If you decide that it’s safe to accelerate above 70 mph, you’ll once again find yourself in that Niva driving position—leaning forward, eyes wide, forearms pulsating—but, this time, for all the wrong reasons.
In highway-speed scenarios, you have to be perpetually defensive. With its narrow tires and short wheelbase, the Niva will not corner predictably. Obviously, there’s no advance collision warning, blind spot detection, or airbags that’ll help you if the unspeakable happens.
I’m being brutally honest here because the Niva was brutally honest with me.
It wasn’t designed to be driven long distances at high speeds. It was never meant to contend with speeding BMW X6s, Subaru Outbacks, and Volvo trucks on divided expressways. And it doesn’t give you any indication that it wants to be.
So in a way, it’s unfair to label the Niva’s awfulness on the highway as weakness. It’d be like faulting a whisk for working poorly as a spoon.
Think of the Lada Niva as a transaction. Like going to the DMV, but in a nice way. You know what you want, and the Niva knows what it can provide. But asking anything extra of the Niva would be like asking the person who hands out your driver’s license for a massage.
If you buy a Niva primarily for use on the highway, you must be wearing an aluminum foil hat. You buy a Niva to go somewhere deep in the forest. It’s meant to be used, to quote a weird Russian saying, “where wolves are afraid to shit.”
And there are still plenty of places in the world where paved roads are few and far between. Where off-roading is less a hobby, but more a reality of getting from A to B. That’s precisely where the Niva’s rugged simplicity counts the most. It’s what makes it a legend the world over, from the European Alps, to the dunes of North Africa, to the deepest snowbanks of Siberia.

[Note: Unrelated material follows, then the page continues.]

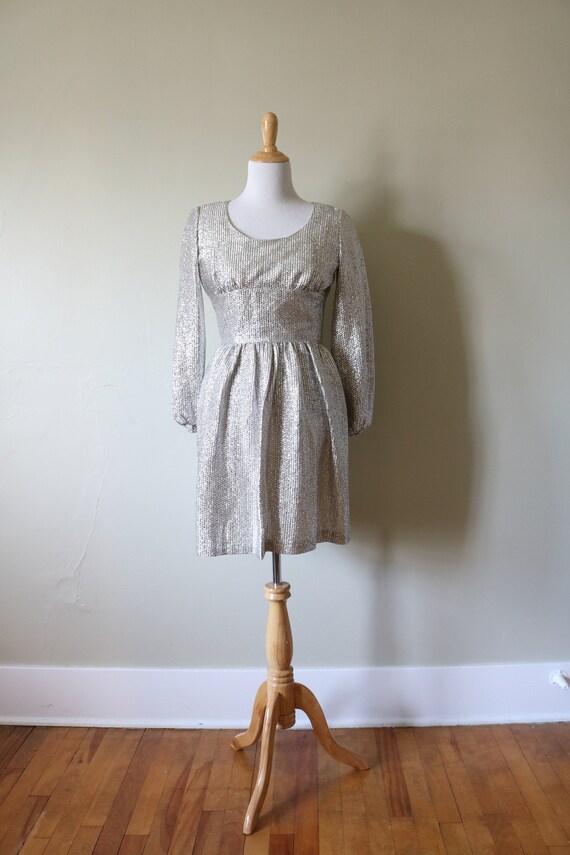 1960s Vintage Shiny Silver Skater Dress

See, my opinions really don’t matter this time. The Niva knows exactly what it can and cannot do; and it doesn’t pretend to be anything that it isn’t. So if I whine about noise, or safety, or ergonomics, or not being able to put a soft drink into a plastic hole in the center console, those who actually need a Niva could care less. It’s all trivial.
I asked some of the Lada reps about the Niva’s future. I wanted to know if there were rumors floating about its discontinuation. But all they could tell me was that the Nivas fly off the lot. And it probably isn’t because of the cupholders.